Classical Chinese Garden
NW 3rd and Everett, Portland, OR, 97208, 503-228-8131

Beside Zither Lake

Before strolling out across the Zig Zag Bridge, pass through an arrangement of plants divided into three distinctive groupings. Flowering crabapple trees on either side of the path unify this area. The specimen standing near the water's edge is the Chinese hanging-silk crabapple (Malus halliana), named for pendulous pink flowers borne on long, slender stalks. Chinese gardeners treasure M. halliana for its disorderly array of intertwined stems. The crabapple is often depicted in traditional art with the tree peony and magnolia. The combination suggests "wealth and rank in the jade hall", a reference to scholars of old who passed imperial examinations at the highest level.

Closer to the bridge, a shore pine (Pinus contorta) overshadows the pebbled walkway. Beneath it grows a quince (Chaenomeles 'Atsuya Hamada') epresentative of the genus found throughout east Asia. This selection was collected in the wild by the well-known northwest plantsman, Roy Davidson. Its smoldering, deep red flowers are translucent when backlit by late winter sun.

Across the path to the north, near the Half Window Clustered in Green, is a pair of husan palms (Trachycarpus fortunei). Harvested for its fiber, this cold-hardy palm has been cultivated in China for so long that its native range there is uncertain. It is the most commonly planted palm in the Portland area and will surely enjoy wider usage in cooler climates.

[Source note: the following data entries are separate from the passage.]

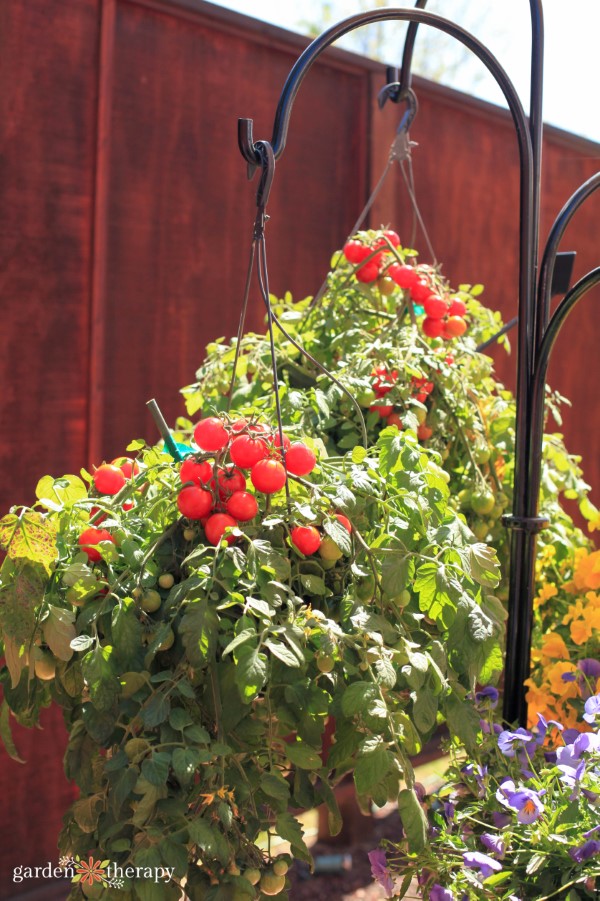 tomatoes growing in hanging baskets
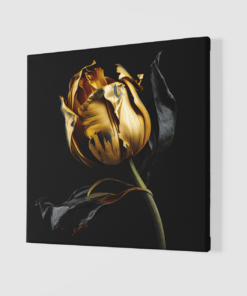 Alternative view of Canvas Schilderij Bloemen tulp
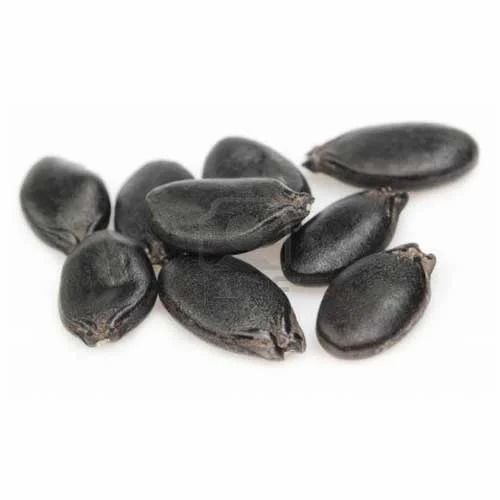 ridge gourd seeds 500x500.jpg
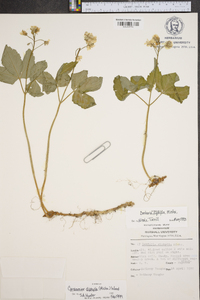 Cardamine diphylla image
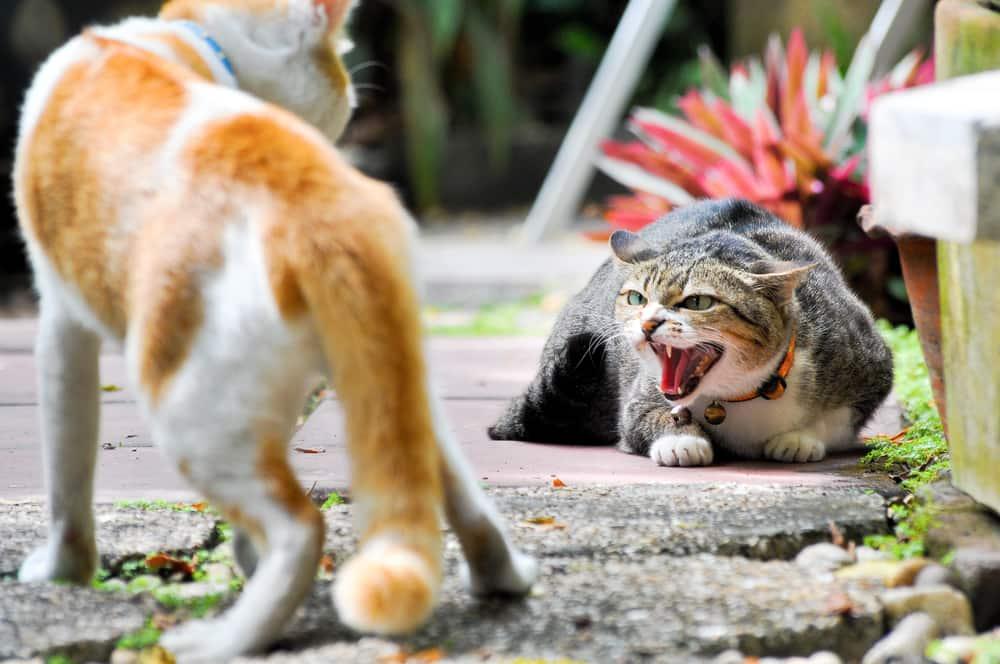 cat-hissing-at-other-cat-SW Two cats outdoors, while one is crouched and hissing at the other walking by.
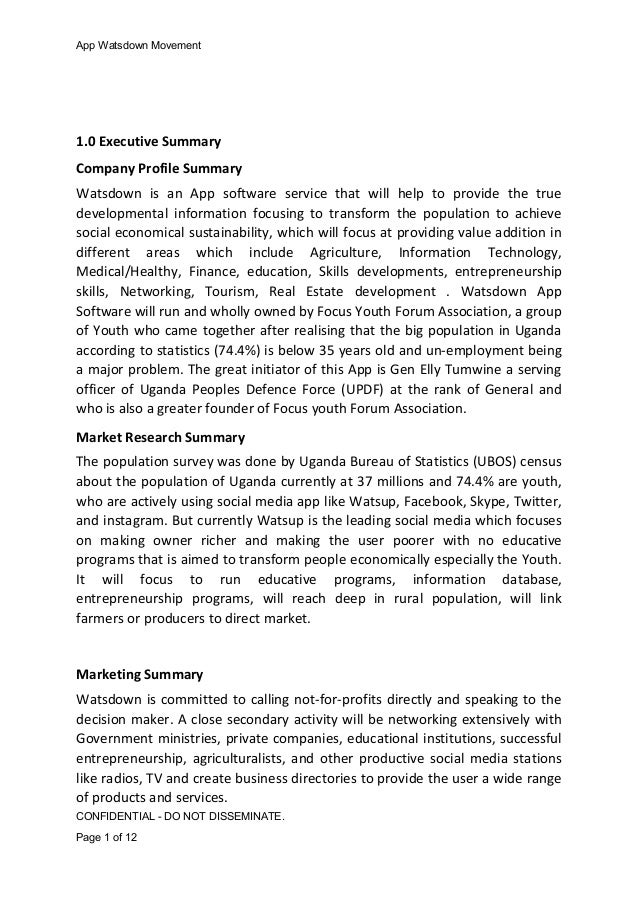 business plan for software development company doc software startup business plan template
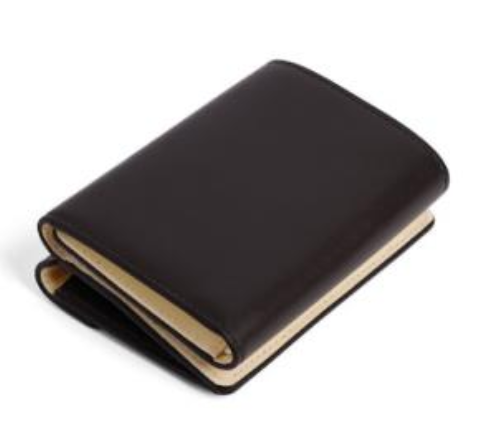 BALENCIAGA / Women's Japan Exclusive - ENVELOPE Mini Wallet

A variety of grass-like ground covers in this area are featured throughout the garden. The small clumps of dark green grass are Ophiopogon japonicus, affectionately known as the "bordering everything grass" in China where it is used extensively. Lily turf (Liriope muscari) is the taller, more graceful specimen edging the path. Delicate lavender flower spikes emerge in late summer. Both L. muscari and O. japonicus are lily family members. The green and cream striped grasses are Acorus gramineus 'Vareigatus', the dwarf version of the Chinese 'fortunate bulrush' (A. calamus). Catching a glimpse of A. calamus in bloom was considered auspicious; moreover, prolonged life was assured by drinking a beverage made from its leaves.